Das ist im Alltag auch gut so. Einer der größten Fortschritte der digitalen Kultur war die grafische Benutzeroberfläche. Steve Jobs erkannte das als erster Konzernchef. Bis zum Apple Computer musste man sich mit seinem Computer über eine ungelenke Befehlssprache namens MS-Dos verständigen. Was für ein Fortschritt war es, als Apple die Karikatur eines Schreibtisches als Vermittler etablierte. So kann jeder bis heute seine Dateien herumschieben wie einen Stapel Akten im Büro. Die Grundkenntnisse der neuen Weltsprache gingen dabei allerdings so rasch verloren wie Latein und Altgriechisch.
Das wird sich ändern. In einigen Ländern wie Estland, Israel und Bayern behandeln die Lehrpläne von der Grundschule bis zur Universität Coding wie eine Fremdsprache. In den USA lancierte Präsident Obama die "Hour of Code"-Initiative für Schulen. In Großbritannien wird das Programmieren ab September zum Pflichtfach. Noch sollen diese Initiativen die Schüler auf eine Arbeitswelt vorbereiten, in denen Programmiersprachen so wichtig sein werden wie bisher die Handelssprachen.
Längst gibt es Forscher, die humanistische Werte in Algorithmen verankern
Bis diese Inititiativen in der breiten Bevölkerung greifen, wird es auch Jahre dauern. Die ersten Schritte aus den Wissenschaften und Laboratorien der digitalen Welt sind schon getan. Im digitalen Untergrund von Berlin, jenem grandiosen Gegenmodell zum hyperkapitalistischen Silicon Valley, gibt es seit einiger Zeit Quelltextlesungen. Da treffen sich junge Coder wie Sebstian Sooth, Fiona Krakenbürger oder Kathrin Passig vor Publikum auf einer Bühne. Sie sprechen dann über Programmiersprachen, als handele es sich um Lyrik, analysieren Funktion und Aufbau wie Stil und Versmaß. Und weil auch im digitalen Zeitalter aus jeder Subkultur irgendwann einmal ein Kanon wird, ist es abzusehen, dass die Algorithmen unseren Alltag nicht nur wie mit unsichtbarer Hand bestimmen.
Noch ist die Debatte jung. Es sind ja auch keineswegs nur falsche Entscheidungen, die Algorithmen treffen, nicht nur sinistre Beweggründe in den Maschinen.

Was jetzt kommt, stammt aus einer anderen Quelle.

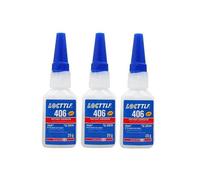 3 tubes de colle instantanée Loctite 406 de 20 g
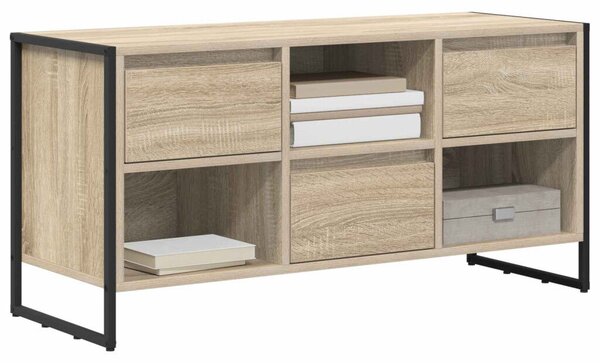 VidaXL TV szekrény fiókkal Sonoma 100 x 36 x 49,5 cm Faanyag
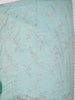 Aqua Green Floral Vine Stone Embellished Design Pure Tissue Silk Party Wear Saree with Scalloped Border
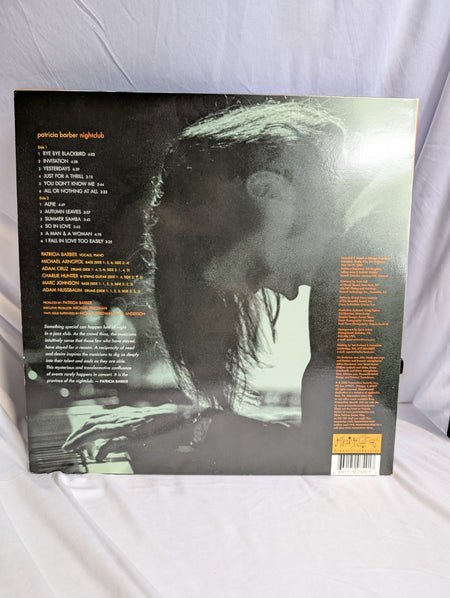 PATRICIA BARBER - NIGHTCLUB - LP,HQ,180G / 90749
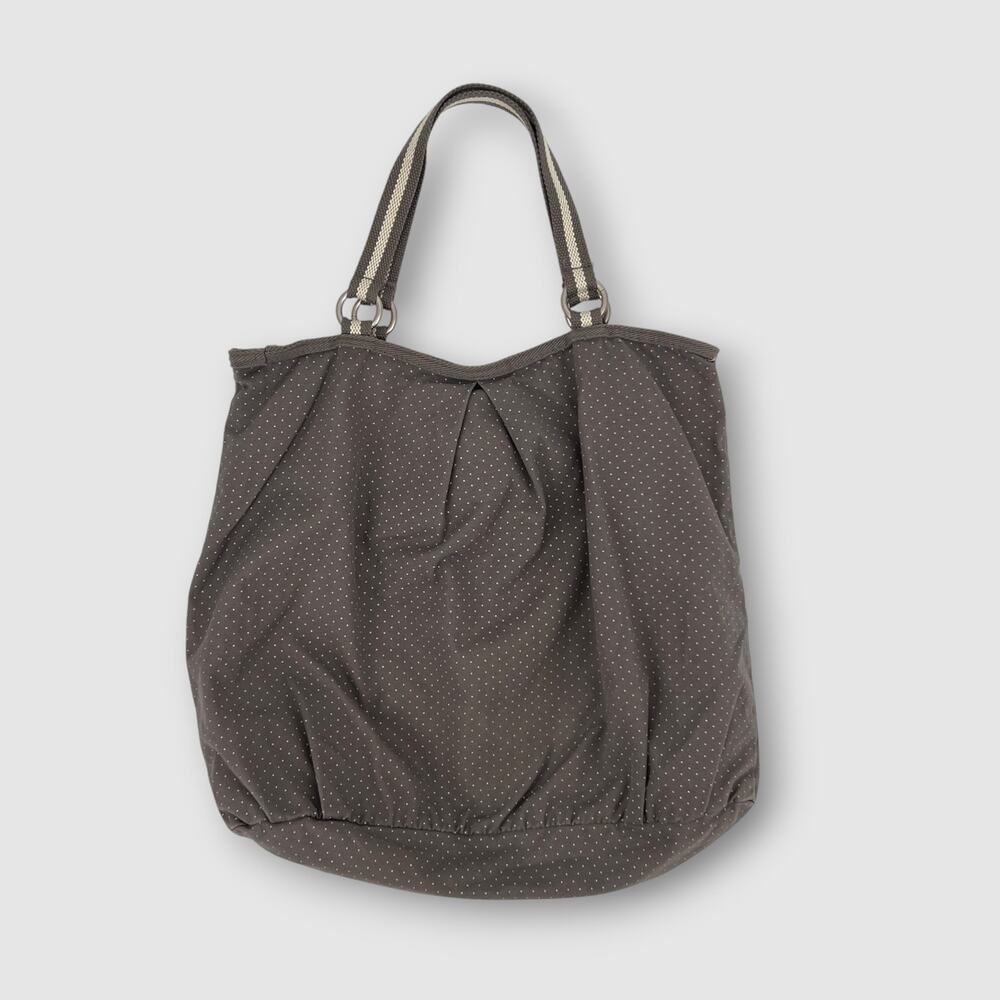 Y2k Old Navy Polka Dot Cotton Gray Casual Everyday Tote Bag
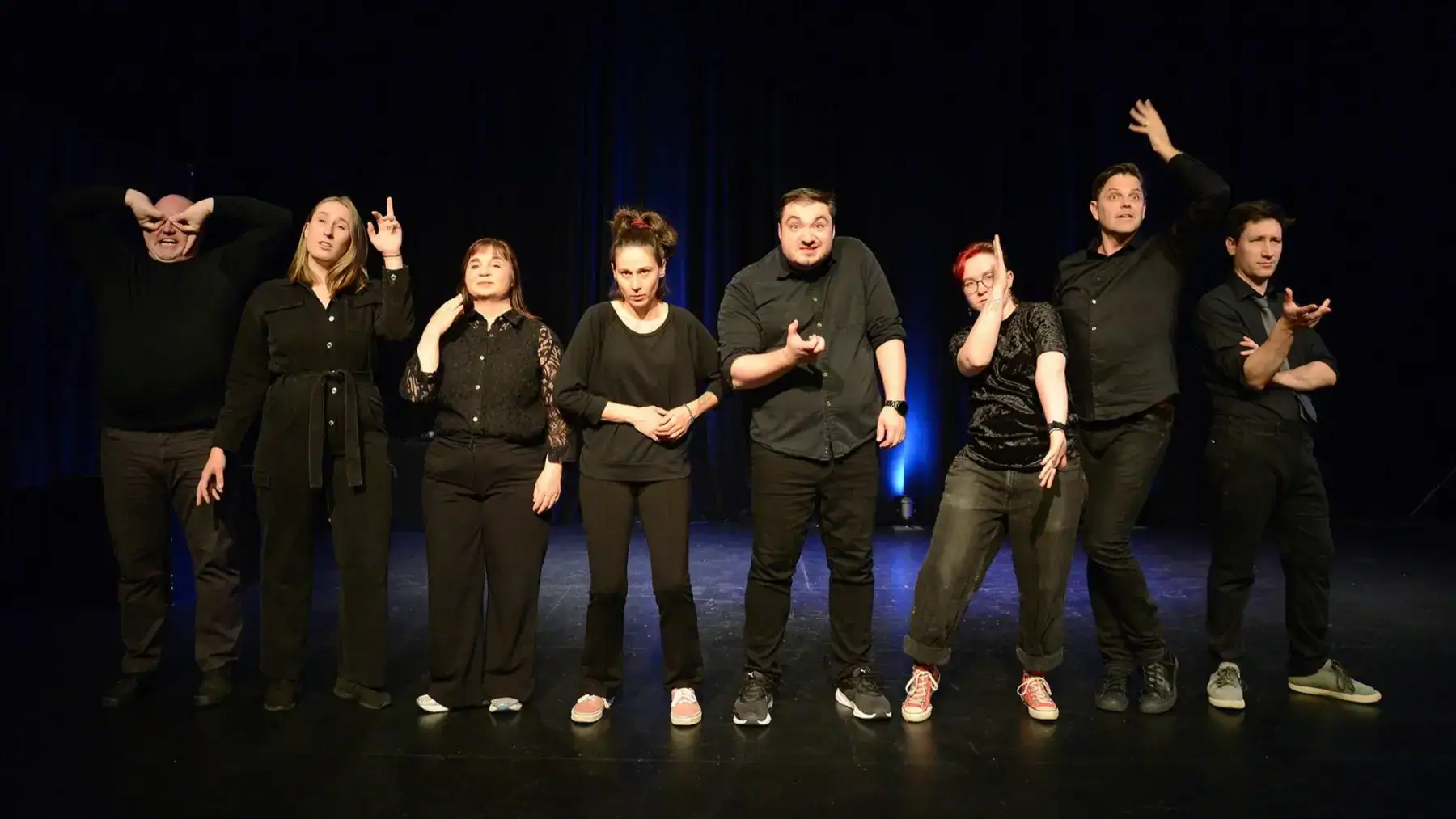 Improv actors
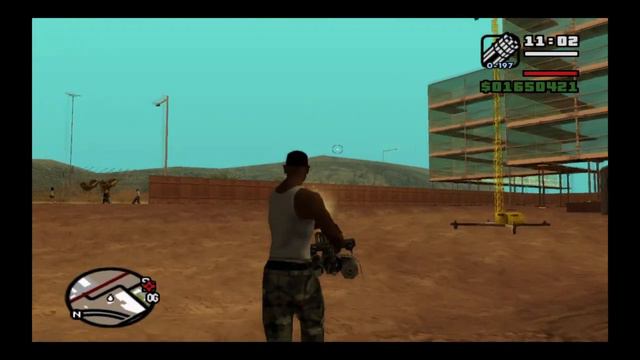 Grand Theft Auto: San Andreas Minigun Sound Effect (efecto De Sonido De La Minigun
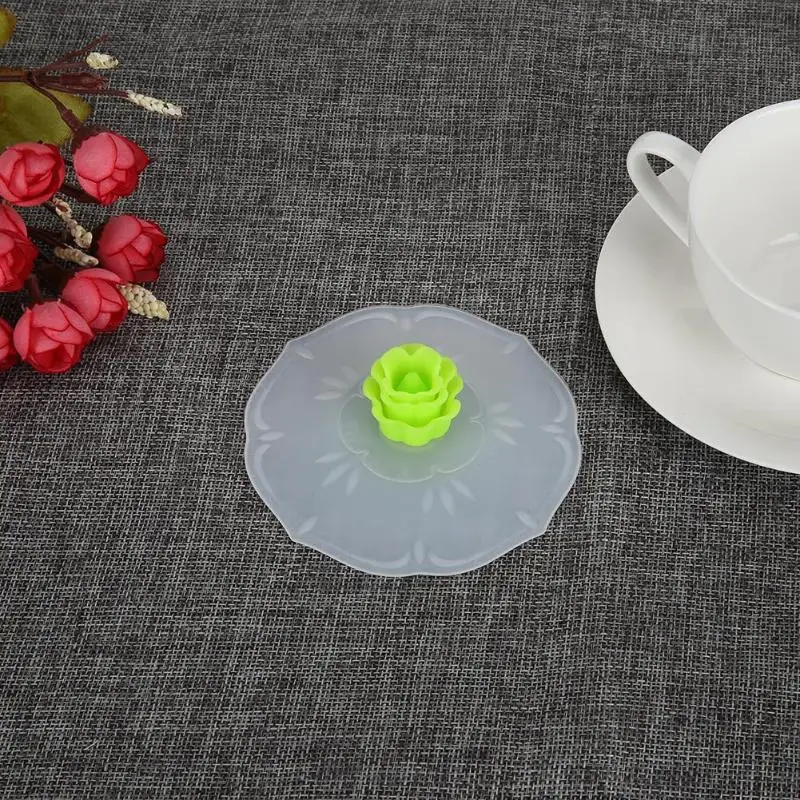 Reusable Silicone Rose Dustproof Cup Lid Leak Proof Airtight Seal Covers | Дом и сад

Längst gibt es Forschungen, die humanistische Werte in den Algorithmen verankern. Am Imperial College in London arbeiten Informatiker und Philosophen beispielsweise gemeinsam an "Fair Play Algorithms". Das junge Feld der Roboter-Ethik sucht Wege, Menschenrechte in Code zu übersetzen.
Das Feuilleton des Süddeutschen Zeitung wird sich in den kommenden Wochen und Monaten verstärkt mit dieser neuen Weltsprache befassen. In der kommenden Wochenendausgabe wird Johannes Boie beschreiben, wie er Amerika als ein Land erlebt hat, das jetzt schon von Algorithmen geprägt ist. Eine Woche später soll ein Schwerpunkt die Dialekte der neuen Weltsprache, also die verschiedenen Codes betrachten. Es wird nur ein Anfang sein. Denn die Welt ist auch im Digitalen groß.